27th May 2009

 

Press Release

 

Financial Results for Q1 2009 concerning

Aristovoulos G Petzetakis S.A.

 

The Company “Hellenic Plastics and Rubber Industry, Aristovoulos G. Petzetakis S.A.” announces its financial results for the 1st quarter of 2009:

Parent company turnover decreased by 31% reaching € 7.5 mil. from € 10.9 mil. in Q1 2008.  Gross profit increased by 30% at € 1.3 mil. from € 1.0 mil. in Q1 2008. As far as EBITDA is concerned there is  improvement  to € 130 th. from – € 215 th. in Q1 2008. Losses before taxation reduced to € 1.7 mil. from € 2.1 mil. in Q1 2008, whereas losses after taxation reduced to € 1.8 mil. from € 2.2 mil. in Q1 2008.
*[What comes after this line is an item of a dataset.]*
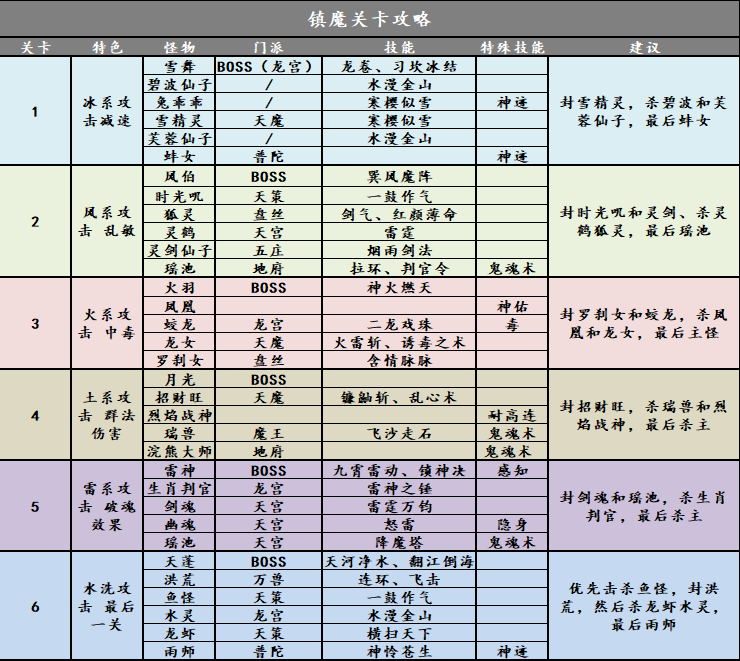 神武3镇魔攻略大全（新版镇魔卫道物品奖励一览）--第4张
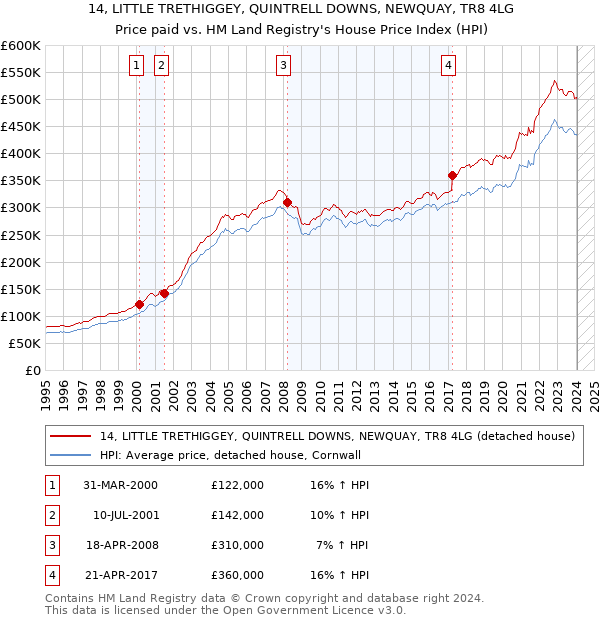14, LITTLE TRETHIGGEY, QUINTRELL DOWNS, NEWQUAY, TR8 4LG: Price paid vs HM Land Registry's House Price Index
On a consolidated level, turnover decreased by 32% reaching € 25.9 mil. from  € 38.0 mil. in Q1 2008. Gross Profit reduced by 19% at € 5.1 mil. from € 6.3 mil. in Q1 2008 whereas as a percentage of sales increased to 20% from 16.5%.  EBITDA reached € 89 th. from -€ 26 th. in Q1 2008, whereas excluding the one-off expenses of  € 257 th. the adjusted EBITDA reached € 346 th. this fiscal quarter. Losses before taxation reached € 2.6 mil. (a reduction of 30%)  from € 3.5 mil. in Q1 2008. Finally, losses after taxation reached € 3.2 mil. from € 4.0 mil. in 2007 fiscal year.

Specifically concerning the group figures:

α) Contribution margin increased to 31%  of  26% same period last year.,thus taking into consideration the decrease of plant expenses, gross profit margin increased to 20% from 16.5% last year.

b) There is a significant reduction by 19% of administrative  and selling expenses.

On a parent company level:

α) Contribution margin increased to 40% instead of 24% last year thus, taking into consideration the plant expenses reduction, gross profit margin increased to 18% instead of 10% last year.

b) There is a significant reduction by 16% of administrative and selling expenses.

 

The financial results improvement (positive operational earnings instead of losses in parent company and Group as well as the reduction of losses by 30%) on an environment of unprecedented volume sales reduction is the outcome of successful and timely realisation of the restructuring plan which started in December 2008 and focused on two major targets:

a) The reduction of plant overheads and administrative expenses in the Group’s factories in South Africa, Greece, Spain, Italy, and Germany by € 6.9 mil.  (initial plan € 4.4 mil., which increased by € 2.5 mil. in March due to the greater than initially expected operations decrease in the main markets the Group operates).

 

b) The improvement of the contribution margin by 3 percentage points, mainly through changes in the trade policies of the group in its main markets of operation.

 

The 1st quarter results confirm the fact that the aforementioned targets (overheads reduction, gross profit margin increase) have been achieved, whereas sales volume lags considerably versus the initial plan as the main focus markets of the Group present greater decline than initially expected.